:: DATA IN THIS EXERCISE
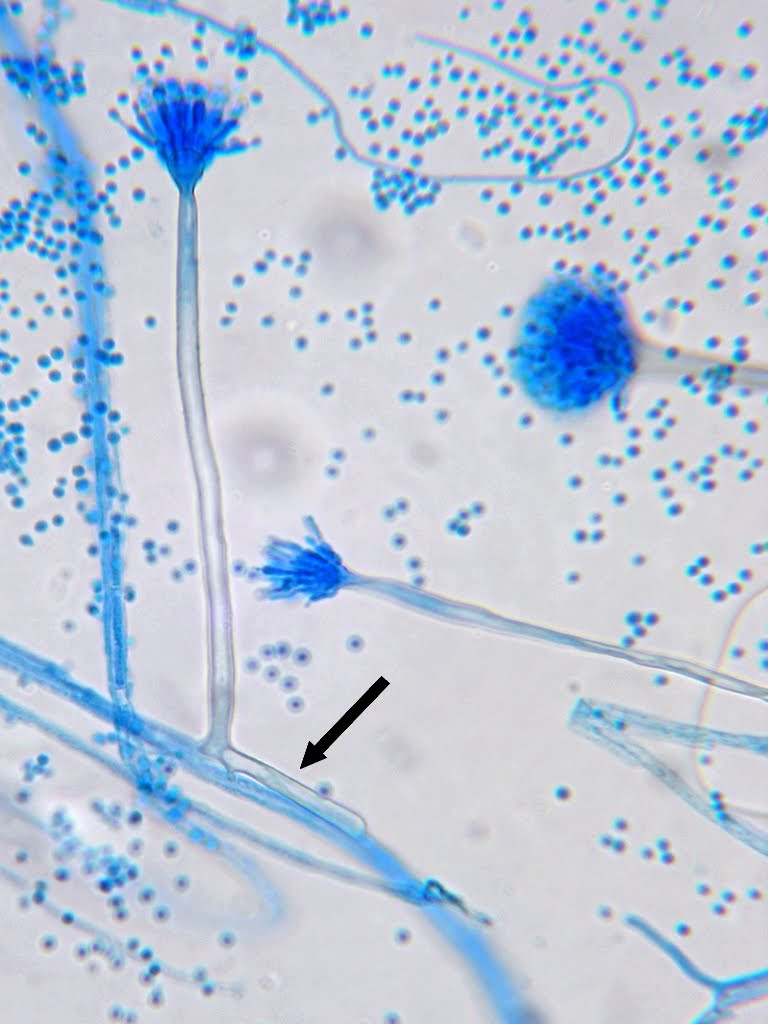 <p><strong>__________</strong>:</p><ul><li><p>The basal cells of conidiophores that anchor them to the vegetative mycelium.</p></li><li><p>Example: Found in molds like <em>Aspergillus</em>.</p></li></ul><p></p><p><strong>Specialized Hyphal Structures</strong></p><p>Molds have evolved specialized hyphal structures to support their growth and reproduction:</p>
::::
:: DATA IN THIS EXERCISE
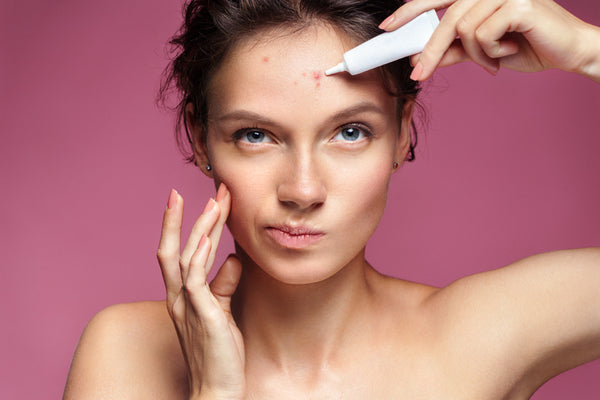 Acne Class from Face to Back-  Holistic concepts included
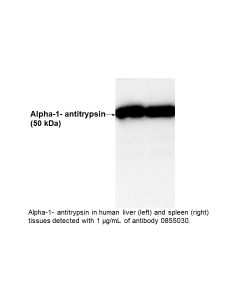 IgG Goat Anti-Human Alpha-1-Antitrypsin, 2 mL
::::
◆ PROBLEM TO SOLVE ◆
In the listing above, find the line containing "Acne Class from" and the line containing "IgG Goat Anti-Human". Reproduce those lines and all between them exactly, with no pictures and nothing more.

◆ TASK SOLUTION ◆
 Acne Class from Face to Back-  Holistic concepts included
 IgG Goat Anti-Human Alpha-1-Antitrypsin, 2 mL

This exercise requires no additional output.